Silence. Three seconds. Four. Five. She counts them because counting is better than the alternative.

“Okay,” he says. “Panel four. Last one. Then we go in.”

“Great.”

“Going to need your help on this one. I need you to hold something for me. Reach straight out, left hand, about shoulder height. I’m going to put a coupling in your hand.”

She extends her arm. Holds it there. Waiting, blind, suspended.

His glove touches hers.

She feels it through the suit. Barely. A ghost of pressure, the dull impression of contact through two layers of insulated material.
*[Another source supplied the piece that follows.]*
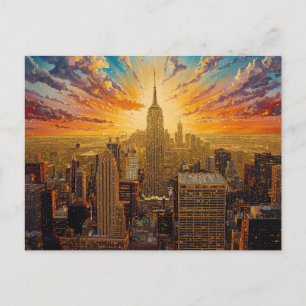 Carte Postale Coucher de soleil doré sur la skyline de New York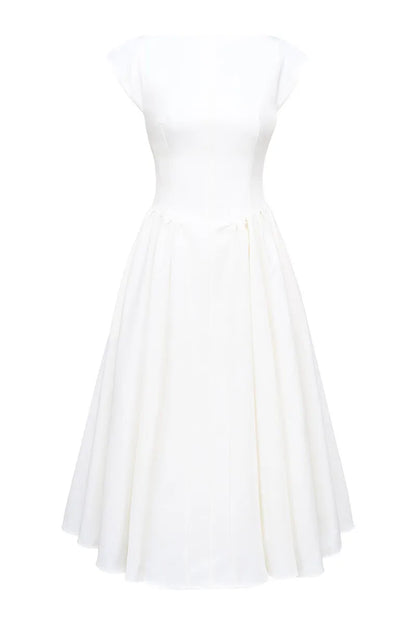 Boat Neck Cap Sleeve Pleated Waist Band Fit and Flare Midi Dress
He’s guiding the coupling into her palm, adjusting her grip, and even through the gloves she can feel how careful he’s being. Precise. Patient.

“Close your fingers. Not too tight. Right. Hold that right there.”

She holds it.

“Don’t move.”

She doesn’t move.

“Good girl,” he says, and then immediately, “I mean. Good. That’s. Yep.”

The correction comes half a second too late. The original lands first. It lands in her ear and in her chest and at the base of her spine and in a place she is absolutely not going to name while she is standing on the hull of a spacecraft on a mission that cost more than some countries’ GDPs.

Her breathing changes. She knows it changes because she can hear it, inside her own helmet, the slight quickening she cannot swallow down fast enough. And he can hear it too. She knows he can hear it because he goes quiet.

Not a natural pause. Not a thinking pause. A pause where someone is recalculating.

The silence lasts four seconds. She counts.

“Okay,” he says, and his voice is different. A fraction lower. A shade more deliberate. “Hold still for me.”

There it is. The shift. So slight she could convince herself she imagined it if it weren’t for the fact that every nerve ending in her body has just recalibrated to the frequency of his voice.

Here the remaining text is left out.